HUNGER VAN project has set a price of $6.07 per meal. Considering that the average feeding event provides around 100 meals, sponsors are encouraged to raise $607 per event. HUNGER VAN project encourages sponsors to pool their resources, to hold fundraisers, or to view the HUNGER VAN project feeding event as an offering of charity. HUNGER VAN project will also help subsidize a feeding event for groups that are unable to raise the necessary funds (e.g., college student groups), but they encourage each sponsor to cover as much of the cost as possible. HUNGER VAN project accepts online donations at http://www.hungervan.org, and provides an easy way for donors to pay for as many meals as they wish to prepare.

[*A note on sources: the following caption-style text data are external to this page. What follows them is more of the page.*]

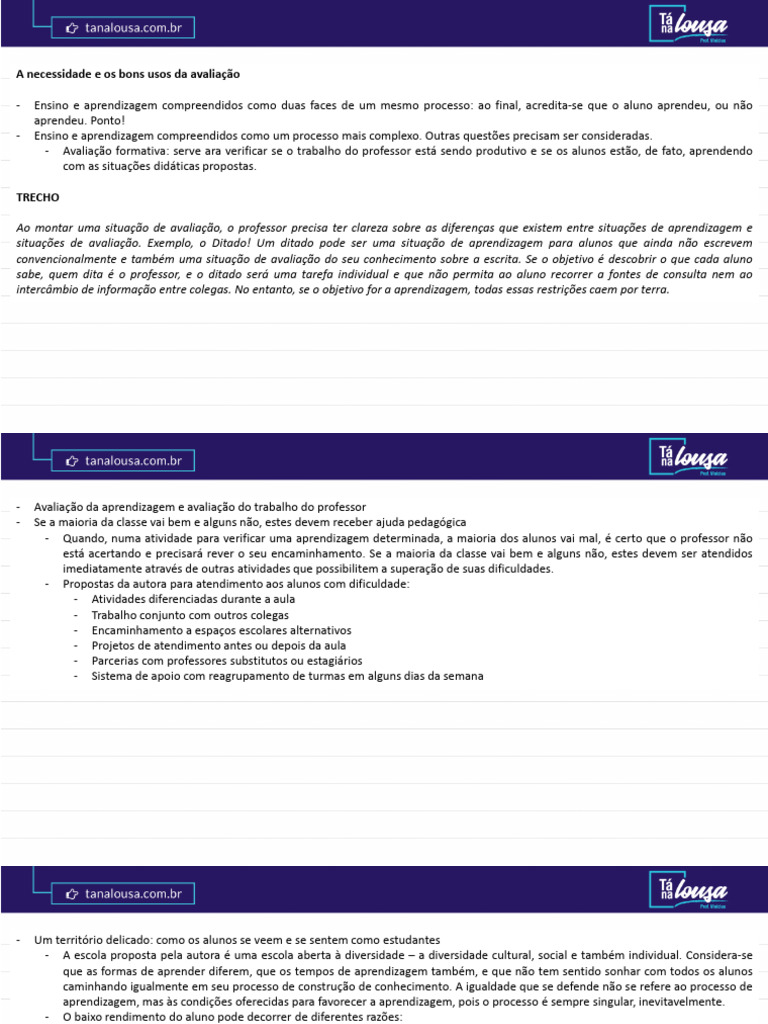 Avaliação Formativa e Aprendizagem Eficaz | PDF | Aprendizado | Pedagogia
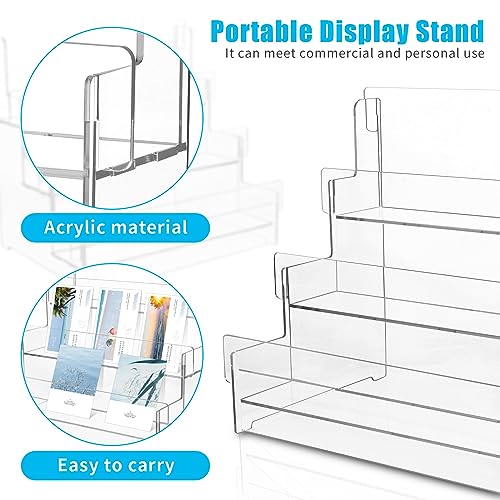 DOSTATNI 2 Pcs 3 Tier Acrylic Greeting Card Display Sticker Display Stand Greeting Card Organizer Postcard Organizer Retail Display Racks Business Card Holder for Vendors Desk Counter Retail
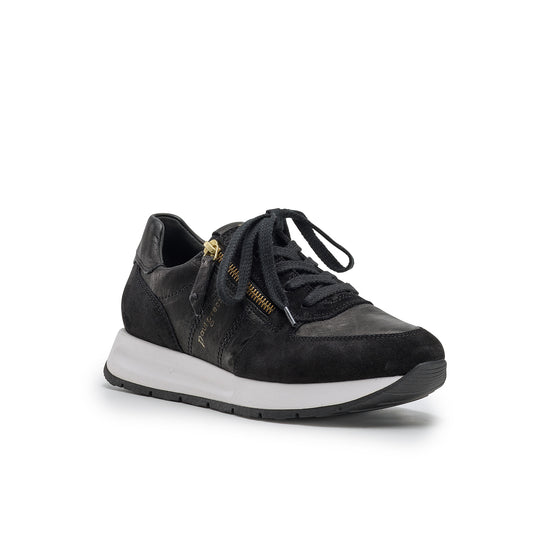 Womens Black Combo Sneaker- Paul Green Shoes Davis Sneaker- 3/4 View view 3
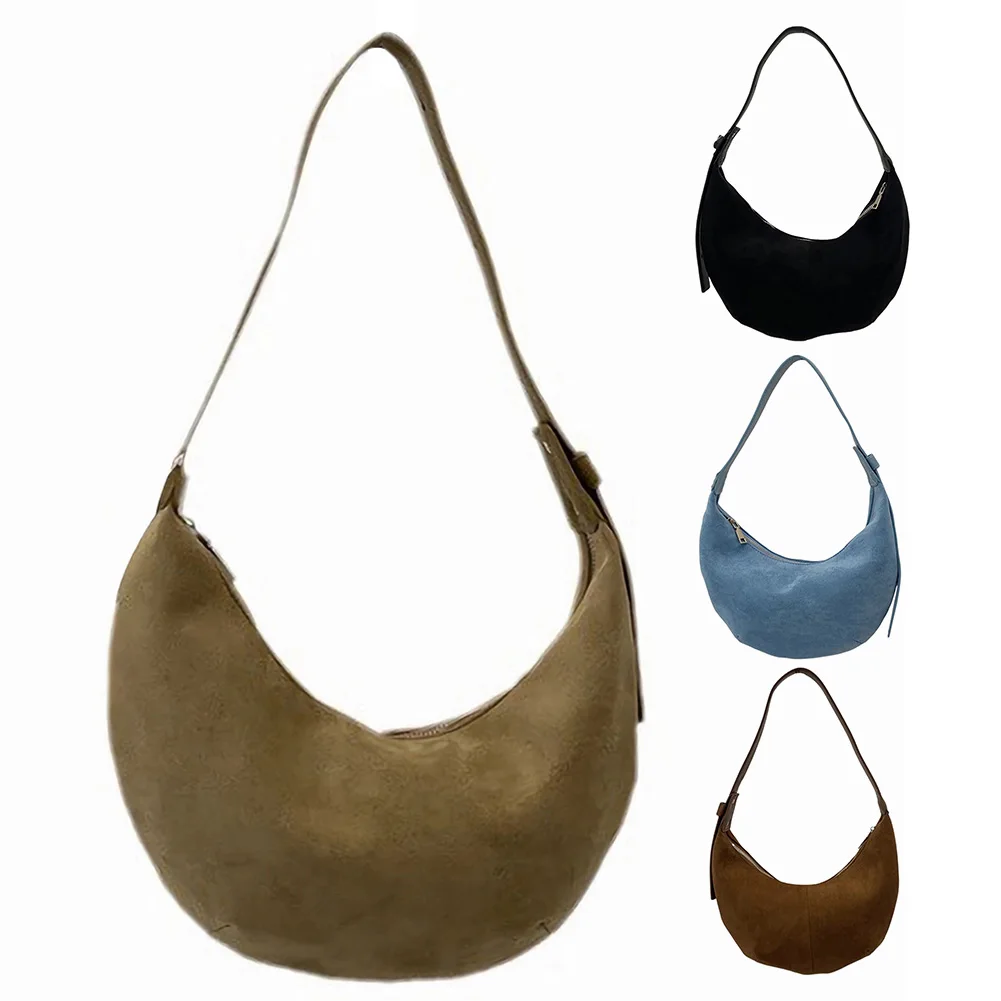 

Women Suede Underarm Bag Solid Retro Handbag Trendy Shoulder Bag Zipper Closure Clutch Purse for Work Travel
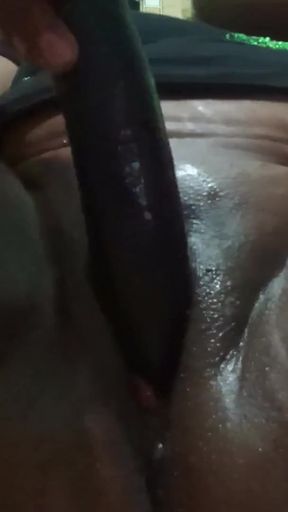 Big black pussy masterbation with Brinjal   Clip 1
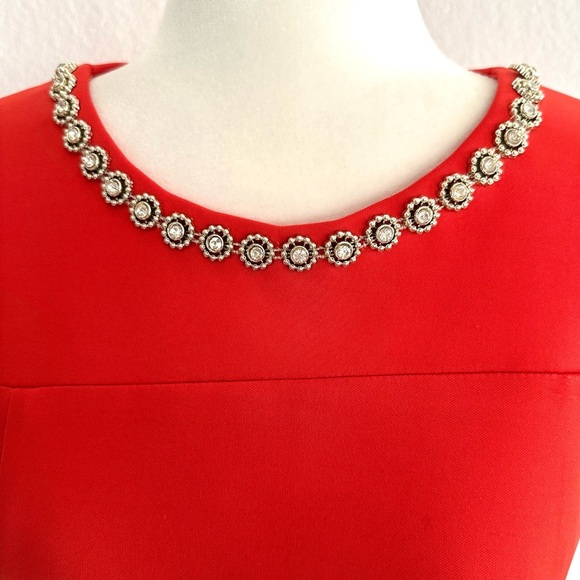 Elegant Bright Orange Short Sleeve Dress - Picture 3 of 5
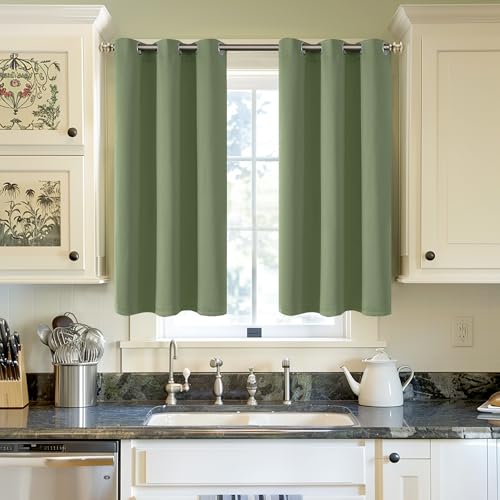 YoungsTex Olive Green Blackout Curtains 40 Inch Length for Kitchen Cafe Window - Short Thermal Insulated Drapes with Grommet Room Darkening for Bedroom Bathroom, 2 Panels, 42 x 40 Inch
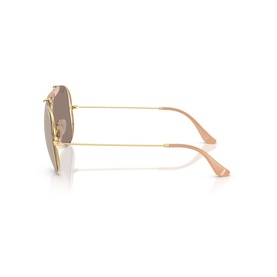 Ray-Ban oversized round sunglasses in gold-tone metal frame with pink temples and light pink lenses, side profile view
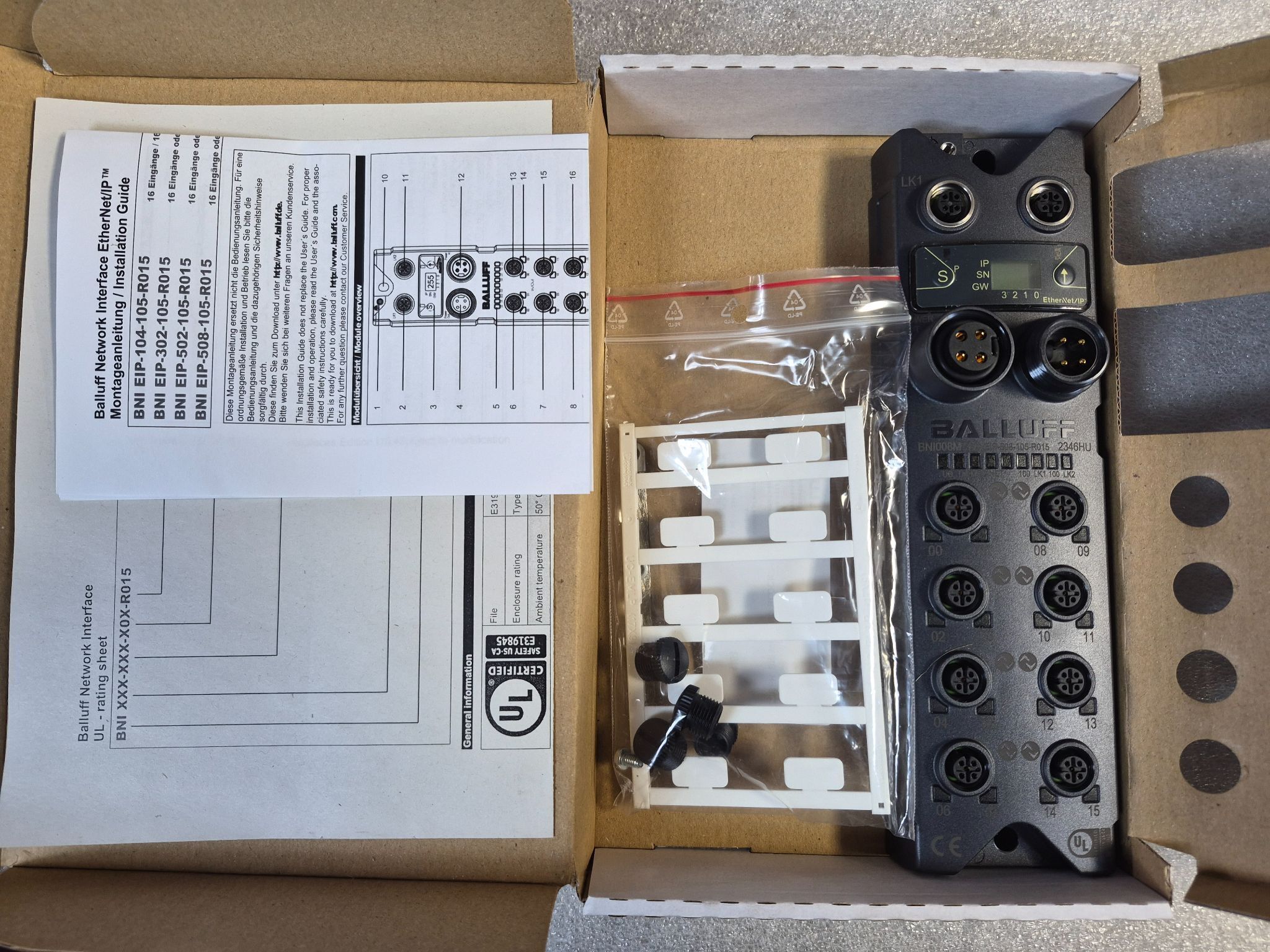 Balluff BNI008M BNI EIP-508-105-R015 EtherNet/IP I/O Block NEW 1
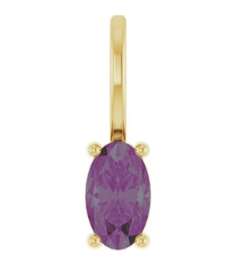 88601 Pendant Set 14K Yellow Oval Lab-Grown Alexandrite 5 X 3 Mm Polished Lab-Grown Alexandrite Solitaire Charm Pendant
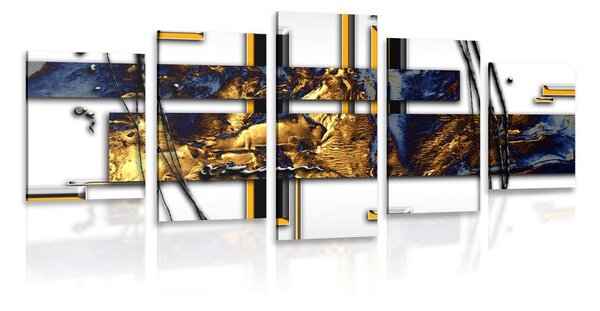 5-dielny obraz luxusná abstrakcia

Once the funds have been provided and HUNGER VAN project has purchased the food and supplies, HUNGER VAN travels to a specified location—usually a home, a school, a community center, or a mosque or other place of worship—for food preparation. HUNGER VAN project recommends that sponsors provide 5–6 volunteers for this part of the feeding event. With that number of volunteers, it takes about two hours to prepare the meals. Sponsors have the option of providing a hot meal or a sandwich and salad. In either case, the meals are delicious and healthful. All menu items are vegetarian and have been created in consultation with a nutritionist to ensure their health value. HUNGER VAN project wants not only to feed hungry and homeless, but also to promote good eating habits.

A hot meal usually consists of rice, vegetables, and a savory lentil or bean dish, along with bread, a banana or other serving of fruit, and water or juice. HUNGER VAN project transports the meals from the food prep location to the feeding location, where volunteers set up tables with heated serving trays. Clients are served cafeteria-style.The other meal option includes a sandwich and a salad. The popular “Honey-B” sandwich features peanut butter, honey, banana slices, and cinnamon on whole wheat bread. The ccompanying “Chickaroo” salad is really a meal in itself. It contains chickpeas, mango or other seasonal fruit, raisins, sunflower seeds, lettuce, tomatoes, and olives, tossed with olive oil and a south Asian masala spice mix. Volunteers place the sandwiches in bags and fill 8-ounce serving cups with the “Chickaroo” salad, and put them in individual bags along with a banana and a bottle of water. Once the food preparation is complete, volunteers clean up the preparation area, re-load the HUNGER VAN, and then travel to a location where hungry and homeless people congregate but that is not serviced by a nearby soup kitchen. There they set up their tables and serve or hand out the meals. In some locations, HUNGER VAN volunteers have become such a consistent presence that the guests arrive and begin lining up well before HV even gets there.
Once the feeding event has concluded, the volunteers clean up and return all supplies
and leftover food (if any) to the HUNGER VAN and HV returns home to prepare for the next hunger run.